Copy every line of the data below exactly as given, except for the pictures.

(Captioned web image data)
· · · · · · ·
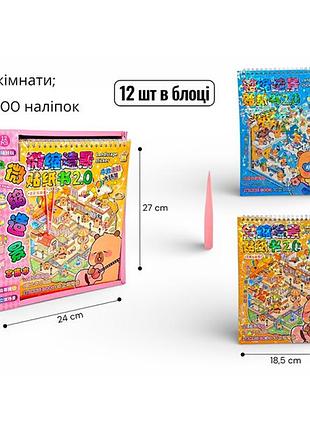 Игровой набор румбокс капибара roombox-kap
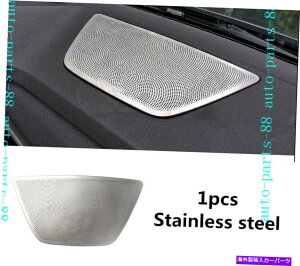 trim panel XeXCi[_bV{[hI[fBIXs[J[plLIDJo[BMW X6 G06 2020̃g Stainless Inner Dashboard Audio Speaker Panel Lid Cover trim For BMW X6 G06 2020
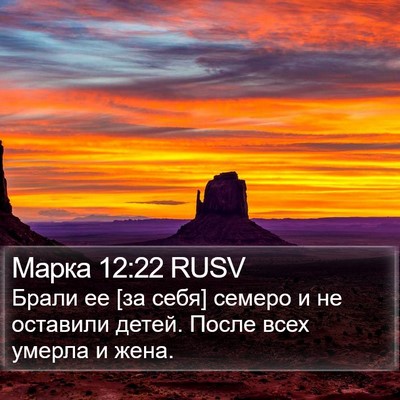 Марка 12:22 RUSV Bible Verse Image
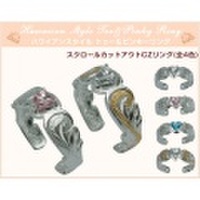 ハワイアンジュエリー / スクロールカットアウトＣＺリング（全4色） ピンキー＆トゥーリング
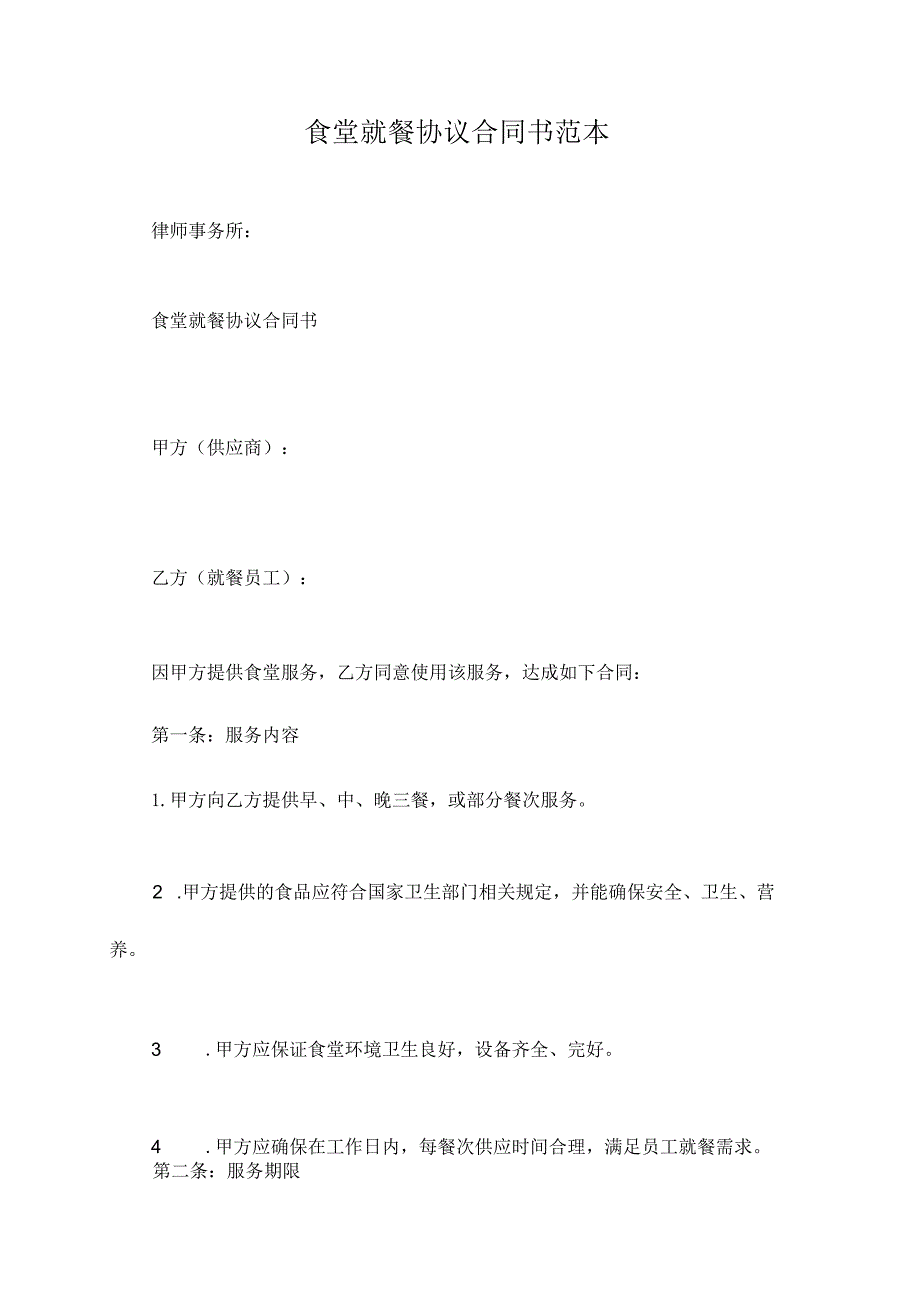 食堂就餐协议合同书范本.docx_第1页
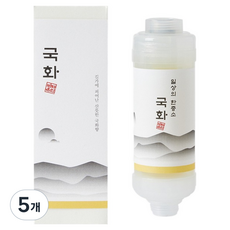 비타온 일상의 한증소 비타민 샤워필터, 5개, 국화(송화색) : 산뜻한 꽃내음의 향연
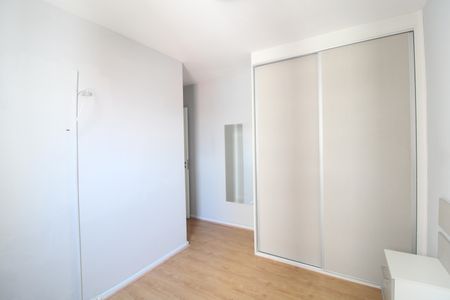 Apartamento para alugar com 69m², 2 quartos e 1 vagaSuíte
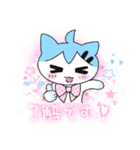 超かわE☆すたんぷ（個別スタンプ：15）
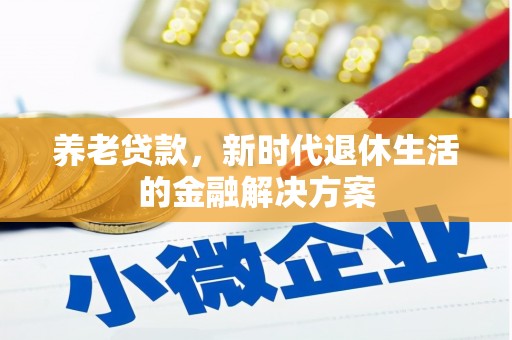 乐山养老贷款，新时代退休生活的金融解决方案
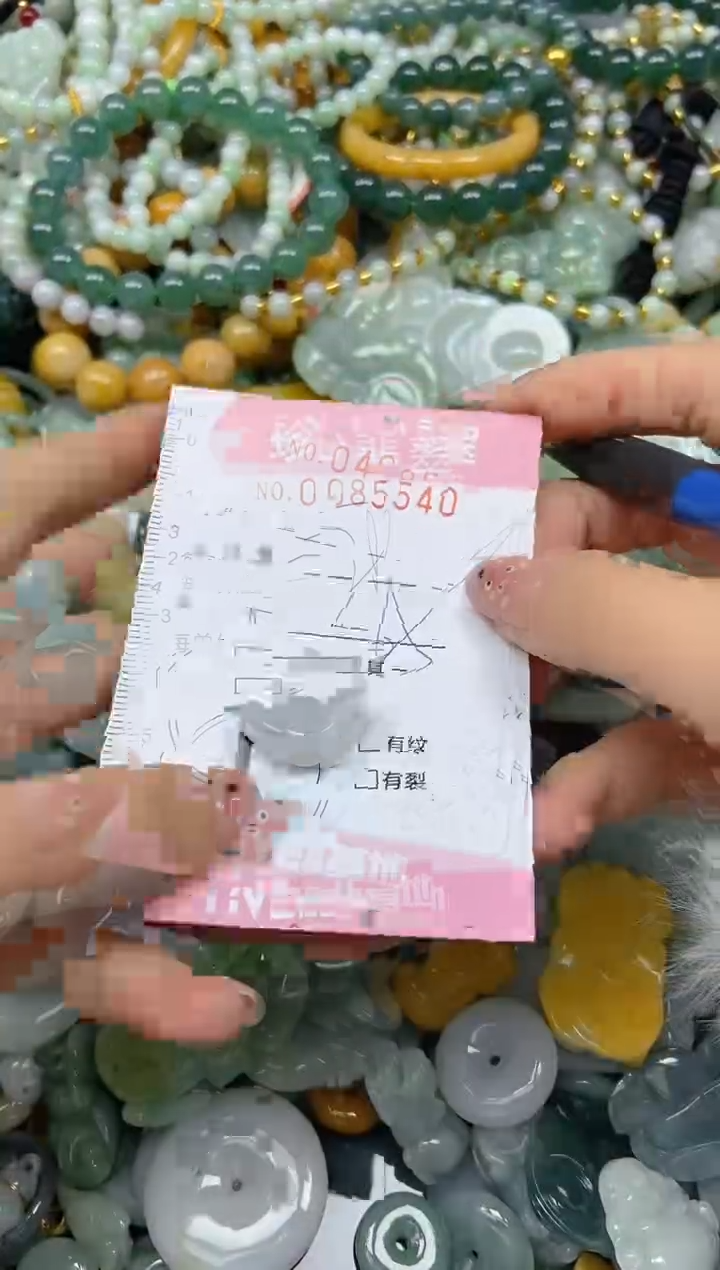 颈饰未镶嵌翡翠闪购0408540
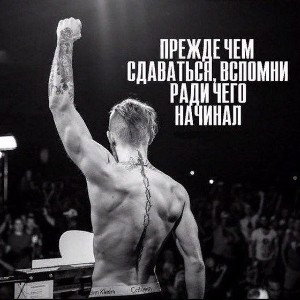 грамотное движение плавное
· · · · · · ·
SOLUTION ::
 Игровой набор румбокс капибара roombox-kap
 trim panel XeXCi[_bV{[hI[fBIXs[J[plLIDJo[BMW X6 G06 2020̃g Stainless Inner Dashboard Audio Speaker Panel Lid Cover trim For BMW X6 G06 2020
 Марка 12:22 RUSV Bible Verse Image
 ハワイアンジュエリー / スクロールカットアウトＣＺリング（全4色） ピンキー＆トゥーリング
 食堂就餐协议合同书范本.docx_第1页
 비타온 일상의 한증소 비타민 샤워필터, 5개, 국화(송화색) : 산뜻한 꽃내음의 향연
 Apartamento para alugar com 69m², 2 quartos e 1 vagaSuíte
 超かわE☆すたんぷ（個別スタンプ：15）
 乐山养老贷款，新时代退休生活的金融解决方案
 颈饰未镶嵌翡翠闪购0408540
 грамотное движение плавное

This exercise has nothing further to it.